Dark tide

A song by Emmett Tinley that’s been haunting me for a few months…

[It hurts to lose you – Emmett Tinley]
January was blinding
As we climbed from the basement
Said goodbye for the last time
In a bar by the grand canal
Thanks for confiding
The pain you were hiding
But don’t let the silence
Come back to your eyes
‘Cause I heard the music
Your soul was making
It hurts to lose you
Just before we made it
You took my hat with a sad smile
And paid me back with your photograph
Though I needed to know why
I tried only to make you laugh
After you left the sky
Rained for the first time
And I went to see what I
Could find to blow my mind
And I heard the music
Your soul was making
It hurts to lose you
Just before we made it
Now you write mad poetry
In your room with dead roses
Just one more life story
That cries from the ocean
And wait for the dark tide
That comes to you day and night
Is it too late to take your side
Too late to win the fight?
‘Cause I heard the music
Your soul was making
It hurts to lose you
Just before we made it

Dark Tide

Past life

I suppose the trip to San Francisco last weekend put me in a nostalgic mood. Who am I kidding? I’m always in a nostalgic mood! At any rate, having a few days to myself for the Thanksgiving break has afforded me the luxury of fiddling around in the studio for a few hours. Apologies in advance for the numerous copyright violations, as I stole the outro from my buddy Eric, not to mention the video footage, which is from a 2005 My Dear Ella show.

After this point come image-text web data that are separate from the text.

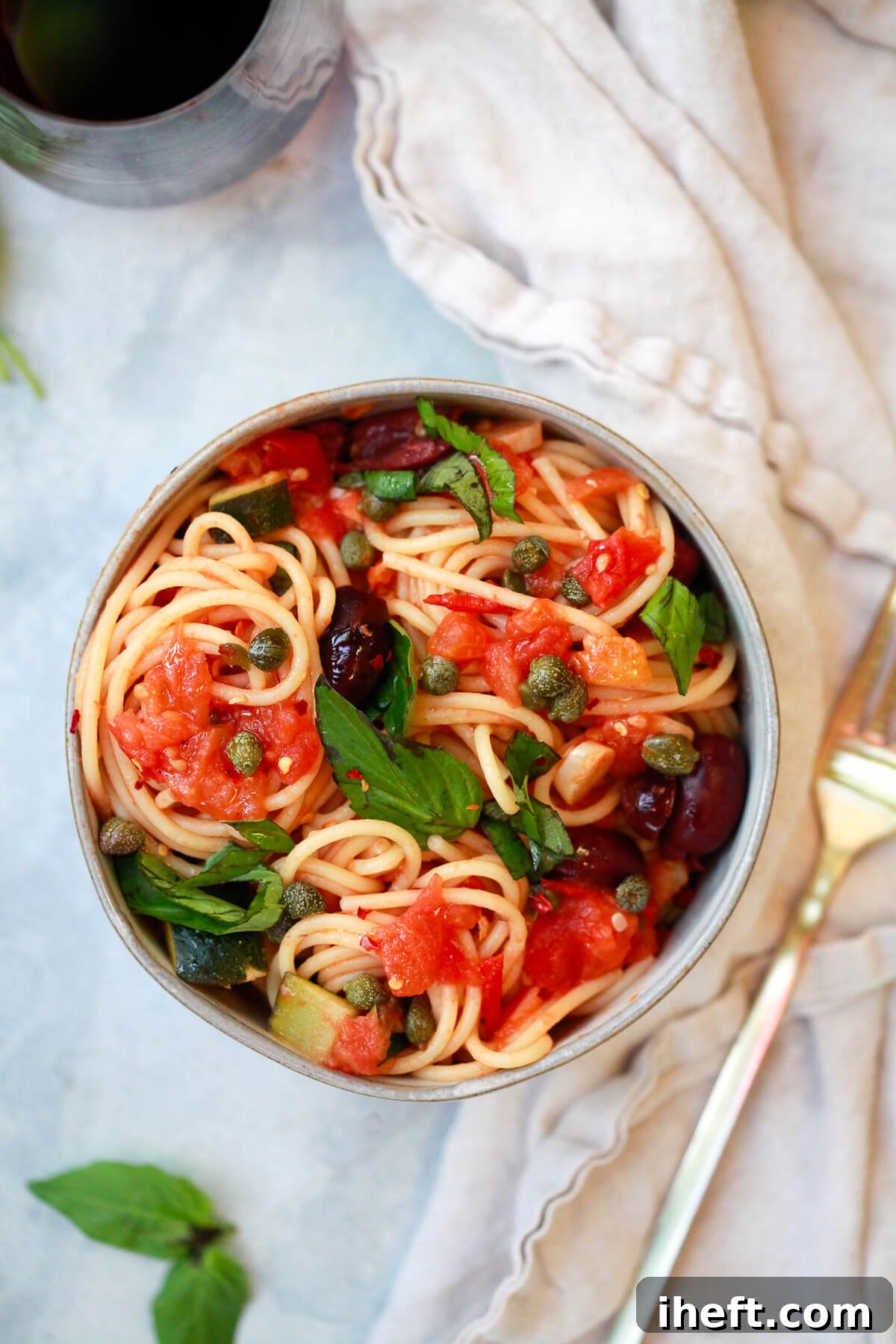 A grey bowl filled with robust spaghetti alla Puttanesca, rich with tomatoes, capers, olives, and garlic, a symphony of Mediterranean flavors.
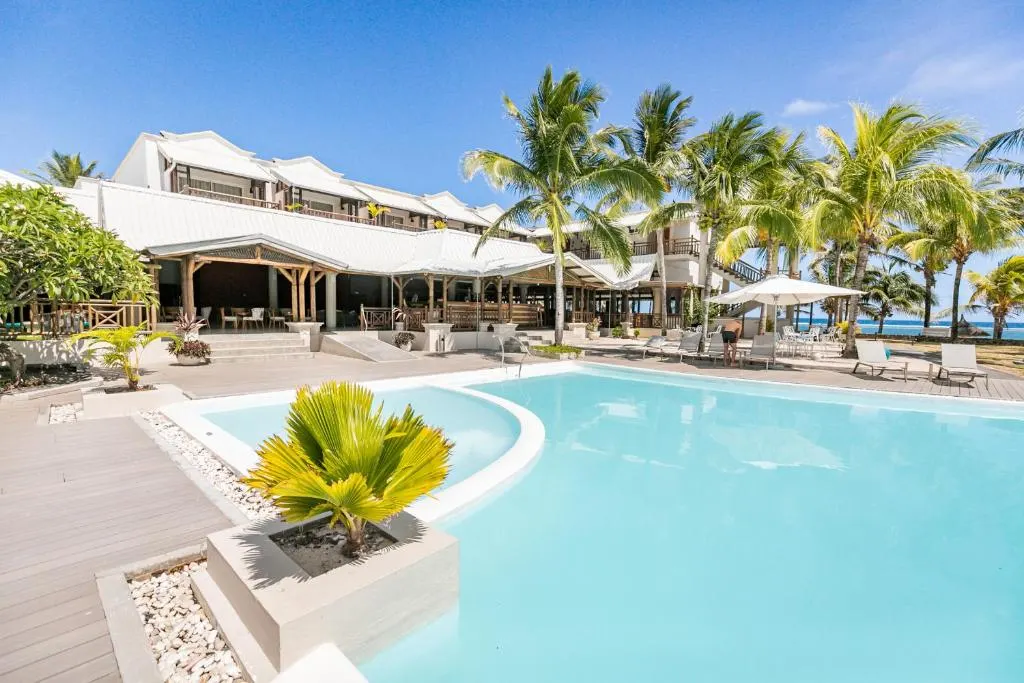 Tropical resort with pool, palm trees, and ocean view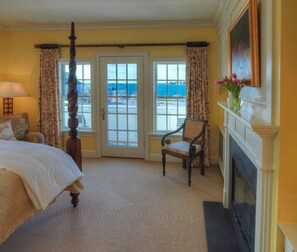 A hotel room with a bed, a chair, a fireplace, and a view of the sea through the door. - The Inn at Stonington (Stonington)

I stumbled through the parking lot
Looking for my keys
The moon was hiding in the clouds
Got on my hands in knees and then
I asked myself some questions like
Did I believe in God
And if tonight was all the time I had
What would I spend it on
And then the thought suddenly came to me
That you might be awake
And so I dialed your number but
I guess it was too late

I started walking
till I could not feel my legs

I stepped out in the open air
And stood on my two feet
And looked out through my own two eyes
And started down my street
Until I came across a man who said he
Had no place to stay and asked me could I lend a hand before
I headed on my way and I said come and have a drink with me
And tell me of your life and then we drifted in the open air until we saw the light
That shone out from the neon sign and cut through all the clouds that settled down around
The rooftops like a thick and heavy shroud

We started falling
till we were deep in ground

It’s everything
The breath behind these notes I sing
The empty space inside the ring
The sacrifice I’m offering
The irresistibility
It dragged me down like gravity
I dropped down to my hands and knees
And pulled the earth up over me
The difference between now and then
The distance there and back again
Like footprints under breaking waves
A dream that slowly drifts away
The sunlight’s breaking through the clouds
The seeds are sleeping in the ground
Your smile it spun my heart around
And knocked the walls around it down
I wonder where you are tonight
I wonder if you’re sleeping tight
And dreaming of your past life

*[“Don’t let it crush you” outro is borrowed from My Dear Ella’s “The Majesty”]*

Little fingers

Perhaps this will be a new trend: Spending ten minutes laying down a rough acoustic demo, then half the day setting it to hundred-year-old silent movie footage. Copyright laws aside, I had fun with this:

When everything is dubious and put to the test
[Little fingers forget, little fingers forget]
Tied up and tedious, and dragged from the bed
[Little fingers forget, little fingers forget]
Surrounded by memories and lingering limbs
[Little fingers forget, little fingers forget]
Wandering, restless, and made of mistakes
[Little fingers forget, little fingers forget]
Heavy and heavenly, this weight on my chest
[Little fingers forget, little fingers forget]
Halfhearted melody, fragmented phrase
[Little fingers forget, little fingers forget]
Battered and Beautiful, like flickering flames
[Little fingers forget, little fingers forget]

Sleepwalking

It’s a been period of struggle, creatively, so it feels like parting with an enormous turd to get a tune out and into the world. Or a baby, or something. Yeah, a baby…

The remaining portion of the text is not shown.